No, I don't think Steve Sarkisian should be fired, even if the Huskies lose Saturday at Oregon State. But if he loses the Apple Cup for a second year in a row, he will leave himself open to the dark forces of college football over which even his patron, Washington athletics director Scott Woodward, has no control. And the issue of control is at the heart of Sarkisian's coaching future: Can he control his game-day team? Can he even control himself?
Both matters were exposed Friday in Los Angeles, where the 41-31 loss to UCLA was a significant setback in Sarkisian's argument that the Huskies (6-4) are taking the next step. In his weekly presser Monday, Sarkisian was quick to point out, unprompted, that the Huskies' four losses have been to teams ranked in the polls' top 20.
That was as obvious to fans as the need for Washington to win at least one of those games, something the Huskies did a year ago against Stanford, to demonstrate progress. Wins over OSU and WSU will not move that needle, but a loss in either will complicate his coaching life.
Against UCLA, a couple of his biggest play-calling decisions, as well as the continuing plague of penalties, showed he and his team have not mastered the art of the big-time game.
Sarkisian made the point himself when he talked about the Huskies' inability to rescue themselves from their own mistakes, which could have meant victories against either Stanford or UCLA.
"When you play good teams and make mistakes, good teams capitalize on it," he said. "We're not in a mold yet to handle making mistakes and always being able to overcome those mistakes. We need to go out and play a good, clean football game. When we do, we're pretty good. That's the goal for Saturday night."
After five years, an inability to overcome mistakes is not a sign of progress, especially with a fifth-year senior quarterback. Nor is leading the FBS nation in penalties with 89. Another 11 flags Friday pushed the season total to 793 yards — think of it as about a game-and-a-half worth of lost ground — to make the Huskies No. 1 in something.
Yes, there is a mitigating circumstance: Pac-12 Conference officiating. It is fair for anyone who has watched a game to ask whether conference football officials were also tasked, as their day jobs, with the launch of the Affordable Care Act. It's not just bad calls, it's the frequency of fouls that is puzzling too. After Washington, UCLA is No. 2 nationally with 88, and Cal, Oregon and USC are in the top 10.
Another ghastly example of failure was in the second quarter Friday, when Huskies OG Dexter Charles was charged with a personal foul for hands to the face of a defender. Replays made it plain that it never occurred.
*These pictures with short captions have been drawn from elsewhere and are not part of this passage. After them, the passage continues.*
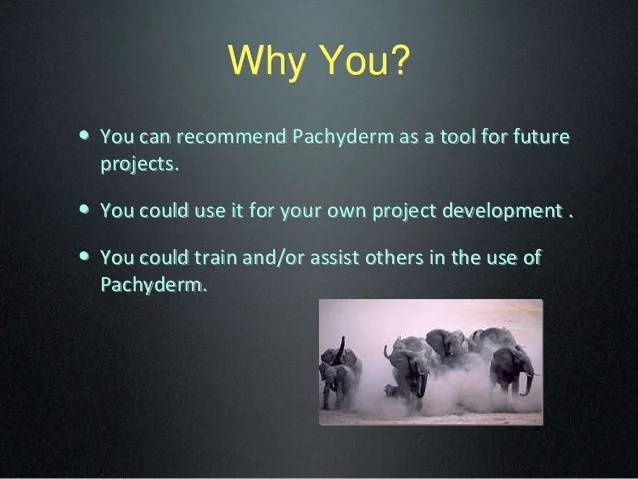 williamboxdesigns Pachyderm Definition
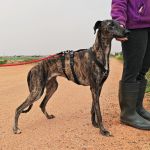 Beauty_IMG_20260411_134107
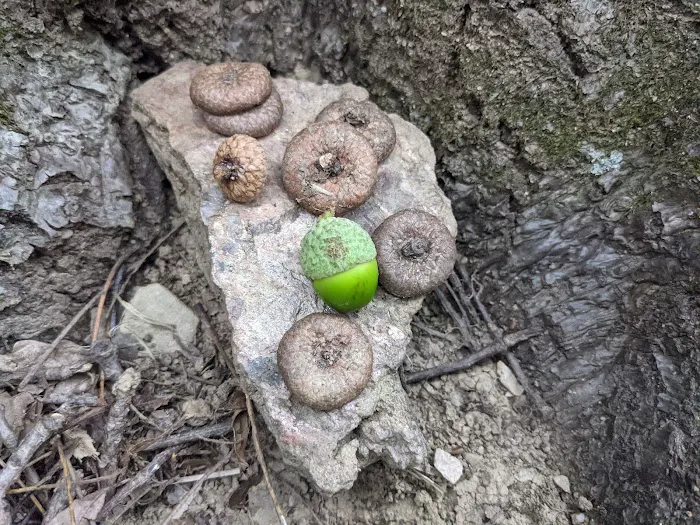 Codorus State Park Campground Picture 6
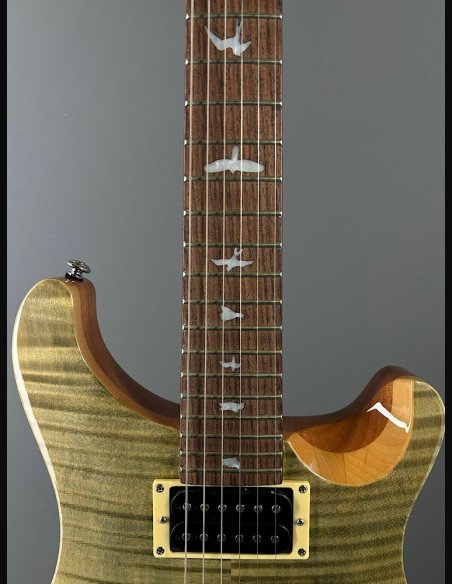PRS SE Custom 24 Birds TR3WB TrampasGreen 2018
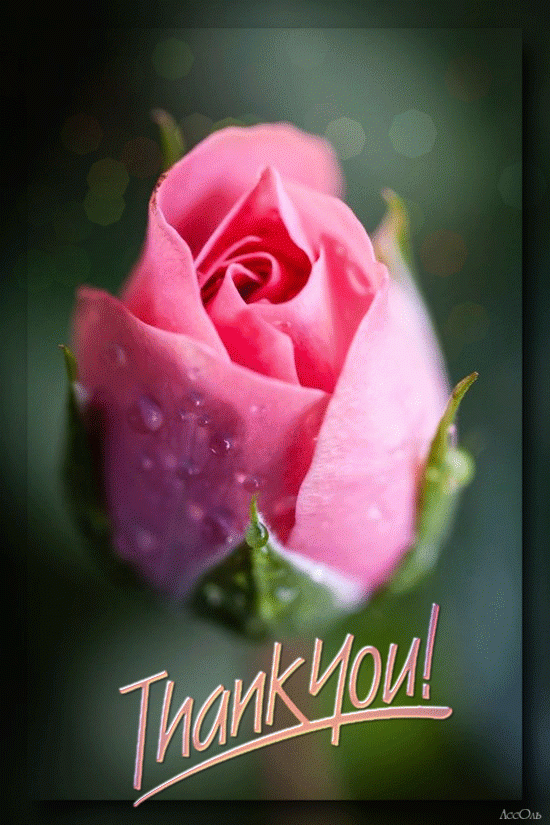 Thank you ! Rose, flower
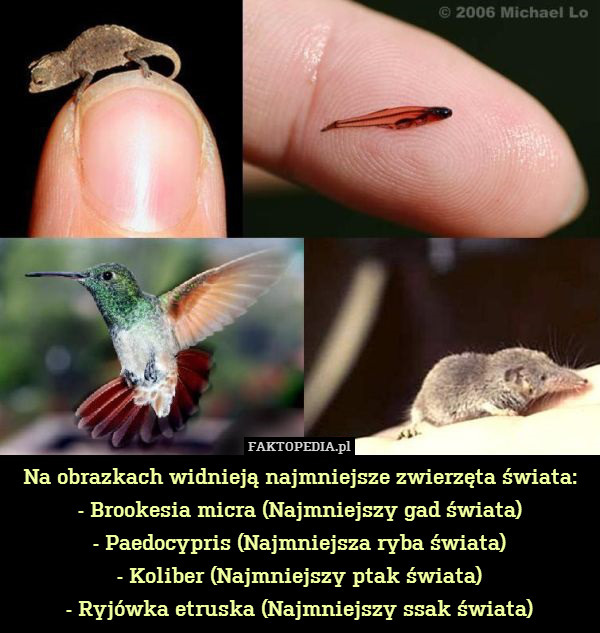 Na obrazkach widnieją najmniejsze zwierzęta świata:
- Brookesia micra (Najmniejszy gad świata)
- Paedocypris (Najmniejsza ryba świata)
- Koliber (Najmniejszy ptak świata)
- Ryjówka etruska (Najmniejszy ssak świata) 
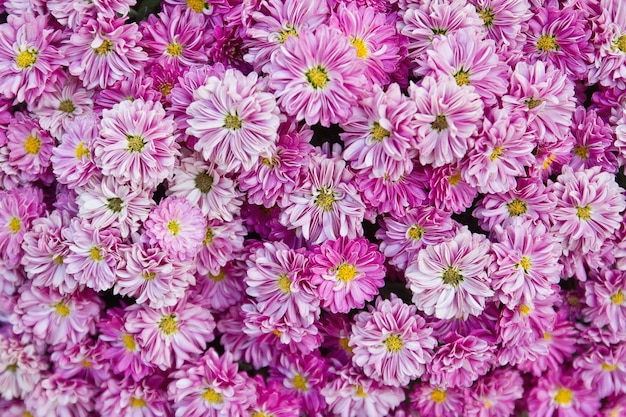 Vollbild von rosa Blumen, die im Freien blühen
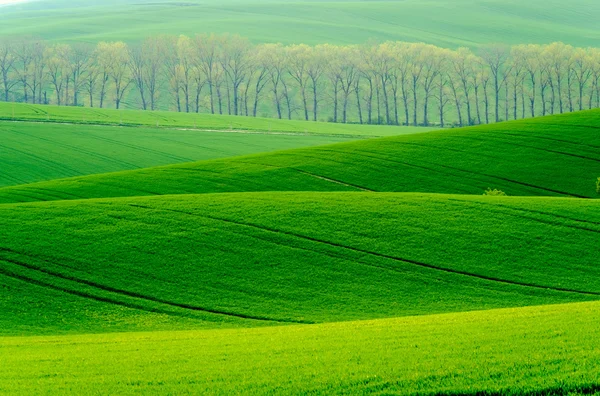 Groene golvende heuvels in Zuid-Moravië — Stockfoto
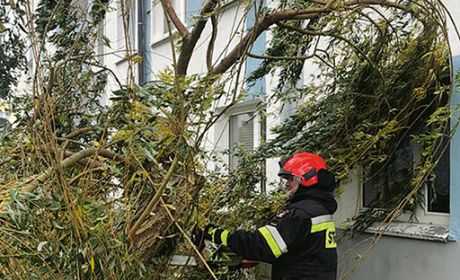 fot. KP/KM PSP woj. dolnośląskiego 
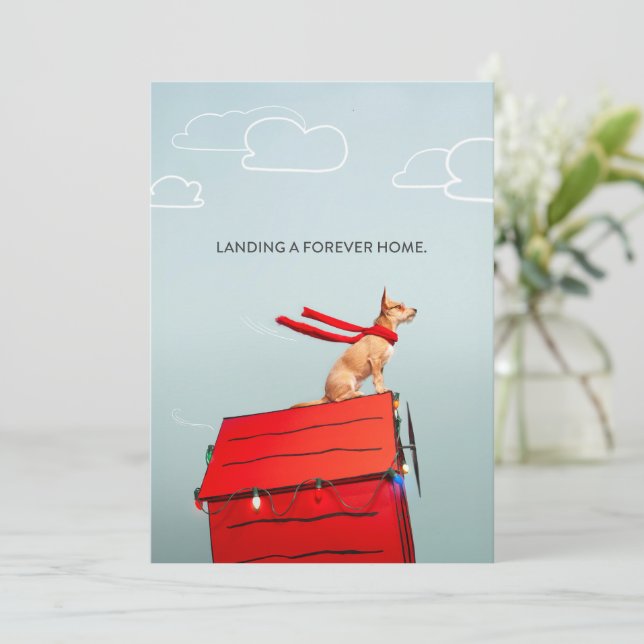 Landing a Forever Home Invitation (Standing Front)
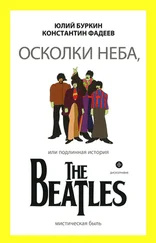 Юлий Буркин - Осколки неба, или Подлинная история The Beatles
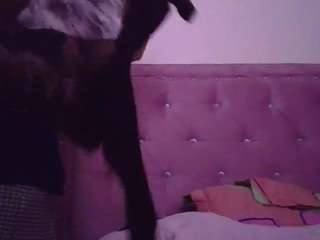  annarose19 chat room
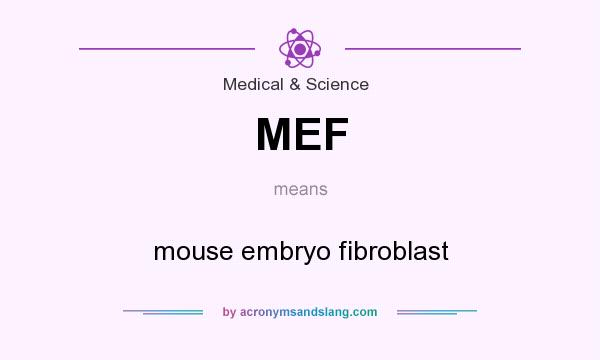 What does MEF mean? It stands for mouse embryo fibroblast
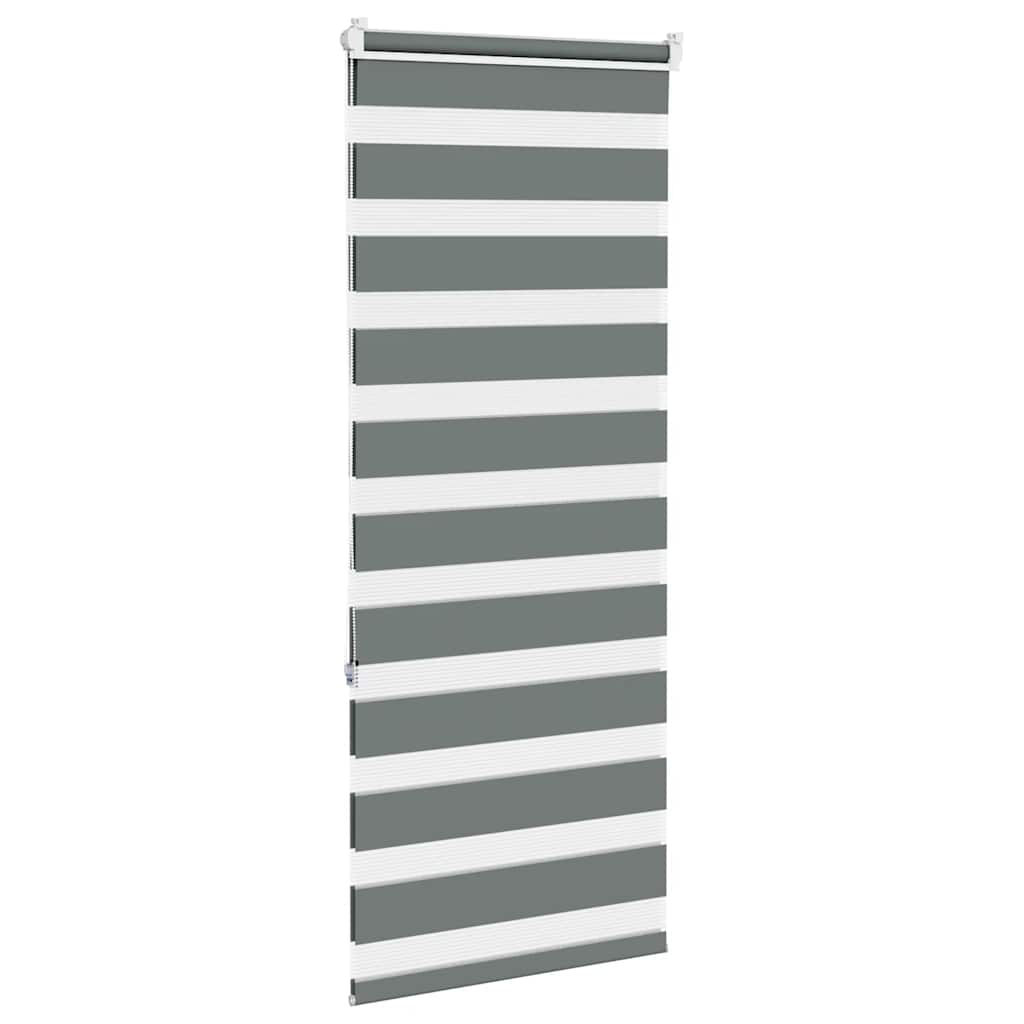 Double Roller Blind Dark Grey 55x150 cm Fabric Width 50.9 cm Polyester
But the judgment call is not subject to review despite the fact that the foul occurred during a 38-yard touchdown pass from QB Keith Price to WR Damore'ea Stringfellow. The potential game-changing scoring drive was converted into a punt.
Even the Pac-12 saw the foul as sufficiently ludicrous to acknowledge the error and apologize to Sarkisian.
"It’s tough, because we already get penalized a lot," Sarkisian said. "We get a lot of penalties and probably the majority of those, deservedly so. When you get one that isn’t, and not only is it not a penalty, it takes seven points off the board for you in a critical ballgame, it’s hard.
Coach Steve Sarkisian and his team (2012)/Photo by Neon Tommy/Flickr
Sarkisian always says the right words days after the injustice, but the impact in the moment is what counts. As does the week's preparation in preventing penalties. Asked why the message isn't getting across, Sarkisian sounded bewildered.